#### WHAT TO WORK ON:
Every line from the start of the entries up to and including the one bearing "NWT Ralph Lauren" must be printed verbatim, without the pictures.

[Scraped caption text data]
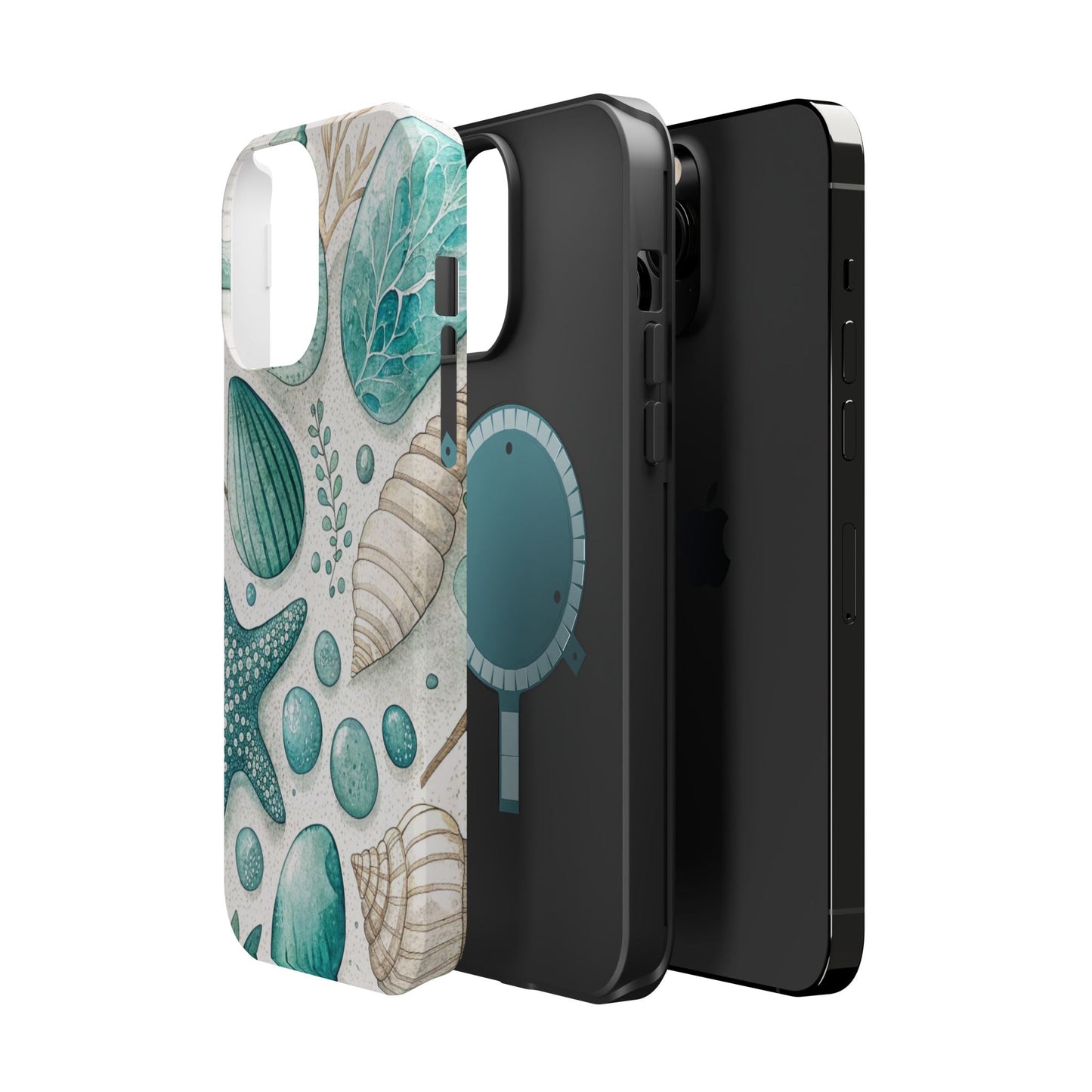 Celebration Sea iPhone Tough Case with sea shell and starfish design, durable dual-layer protection, MagSafe compatible, matte finish option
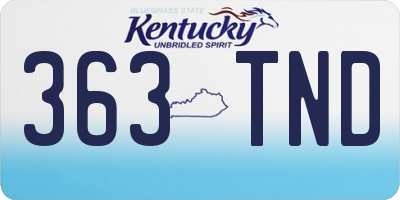 KY license plate 363TND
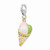 Sterling Silver Enameled 3-d Gold Plated Ice Cream Cone with Lobster Clasp Cha QCC804T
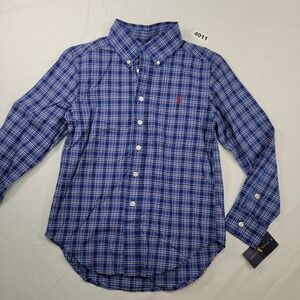 NWT Ralph Lauren Boys Plaid Button Shirt Long Sleeve Blue Sz S/8 Cotton Red Pony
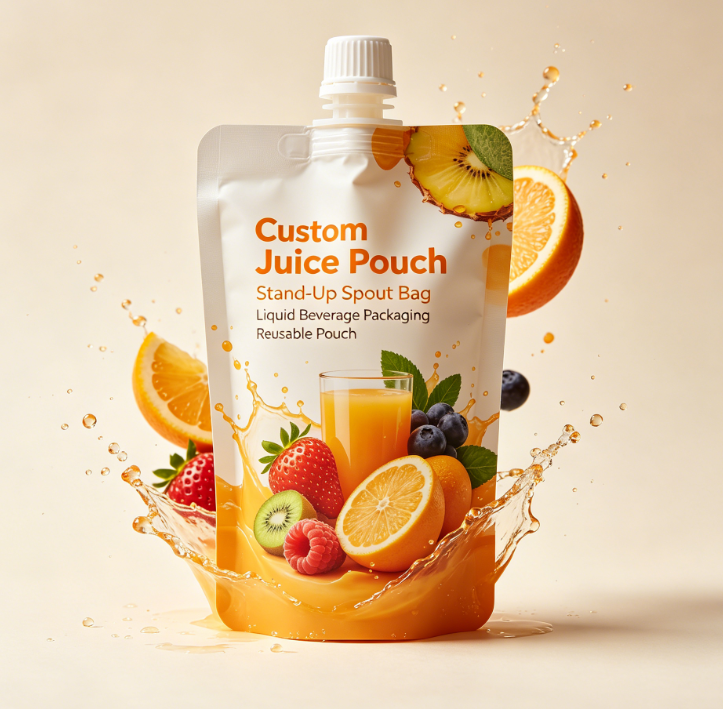 Custom Printed Juice Spout Pouch Reusable Liquid Beverage Stand Up Spout Bag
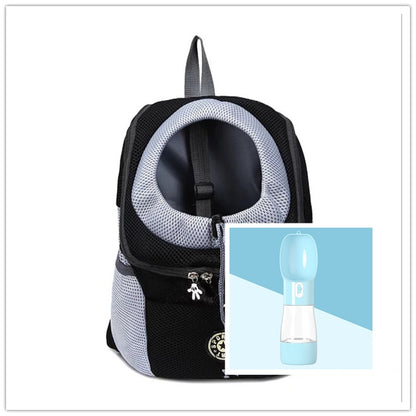 Dog Backpack in black with blue bottle gift 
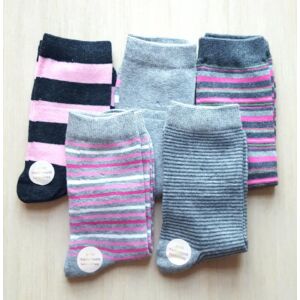 5pár női zokni szürke-rózsaszín csíkos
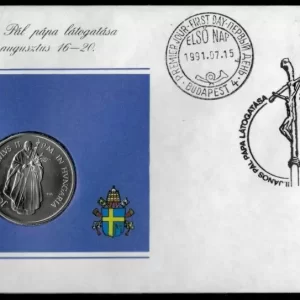 HUNGARY - 100 Forint 1991 - Pope John Paul II Coin Cover, First Day of Issue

#### ANSWER BOX:
 Celebration Sea iPhone Tough Case with sea shell and starfish design, durable dual-layer protection, MagSafe compatible, matte finish option
 KY license plate 363TND
 Sterling Silver Enameled 3-d Gold Plated Ice Cream Cone with Lobster Clasp Cha QCC804T
 NWT Ralph Lauren Boys Plaid Button Shirt Long Sleeve Blue Sz S/8 Cotton Red Pony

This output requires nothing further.